> **Given information**
········

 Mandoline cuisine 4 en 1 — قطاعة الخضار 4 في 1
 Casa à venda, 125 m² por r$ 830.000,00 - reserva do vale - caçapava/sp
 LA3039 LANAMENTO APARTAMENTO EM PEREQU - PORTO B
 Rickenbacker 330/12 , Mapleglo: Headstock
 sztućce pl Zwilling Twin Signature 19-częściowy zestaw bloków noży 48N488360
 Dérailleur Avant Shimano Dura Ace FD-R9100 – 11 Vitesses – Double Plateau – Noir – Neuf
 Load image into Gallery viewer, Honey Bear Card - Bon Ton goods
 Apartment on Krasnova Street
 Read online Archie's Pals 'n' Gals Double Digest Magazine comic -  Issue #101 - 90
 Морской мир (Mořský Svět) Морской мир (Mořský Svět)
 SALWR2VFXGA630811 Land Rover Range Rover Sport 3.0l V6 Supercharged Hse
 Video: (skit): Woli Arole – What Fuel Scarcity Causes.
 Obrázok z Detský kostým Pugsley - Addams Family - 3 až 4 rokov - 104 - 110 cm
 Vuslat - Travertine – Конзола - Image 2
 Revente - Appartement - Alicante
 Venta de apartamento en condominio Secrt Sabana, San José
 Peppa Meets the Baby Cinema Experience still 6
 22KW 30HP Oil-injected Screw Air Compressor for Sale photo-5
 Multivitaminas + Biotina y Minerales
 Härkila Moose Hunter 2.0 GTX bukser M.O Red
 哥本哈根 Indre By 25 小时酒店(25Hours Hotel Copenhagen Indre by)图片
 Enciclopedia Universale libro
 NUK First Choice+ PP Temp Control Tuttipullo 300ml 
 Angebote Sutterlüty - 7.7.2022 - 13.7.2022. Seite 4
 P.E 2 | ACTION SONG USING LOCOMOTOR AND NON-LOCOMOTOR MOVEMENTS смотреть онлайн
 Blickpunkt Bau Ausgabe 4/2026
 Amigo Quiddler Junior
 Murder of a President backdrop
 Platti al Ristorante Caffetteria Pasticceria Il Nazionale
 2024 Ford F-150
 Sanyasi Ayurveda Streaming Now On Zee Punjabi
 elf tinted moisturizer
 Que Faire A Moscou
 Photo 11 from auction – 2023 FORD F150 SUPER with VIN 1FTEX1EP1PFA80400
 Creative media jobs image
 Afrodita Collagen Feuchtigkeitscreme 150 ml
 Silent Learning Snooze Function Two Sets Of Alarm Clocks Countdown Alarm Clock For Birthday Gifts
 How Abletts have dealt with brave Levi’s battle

········

> **Required action**
In the entries above, find the line with "Casa à venda, 125" and the line with "Video: (skit): Woli", then set down exactly those two and every line between them, nothing else.

> **Result for this exercise**
 Casa à venda, 125 m² por r$ 830.000,00 - reserva do vale - caçapava/sp
 LA3039 LANAMENTO APARTAMENTO EM PEREQU - PORTO B
 Rickenbacker 330/12 , Mapleglo: Headstock
 sztućce pl Zwilling Twin Signature 19-częściowy zestaw bloków noży 48N488360
 Dérailleur Avant Shimano Dura Ace FD-R9100 – 11 Vitesses – Double Plateau – Noir – Neuf
 Load image into Gallery viewer, Honey Bear Card - Bon Ton goods
 Apartment on Krasnova Street
 Read online Archie's Pals 'n' Gals Double Digest Magazine comic -  Issue #101 - 90
 Морской мир (Mořský Svět) Морской мир (Mořský Svět)
 SALWR2VFXGA630811 Land Rover Range Rover Sport 3.0l V6 Supercharged Hse
 Video: (skit): Woli Arole – What Fuel Scarcity Causes.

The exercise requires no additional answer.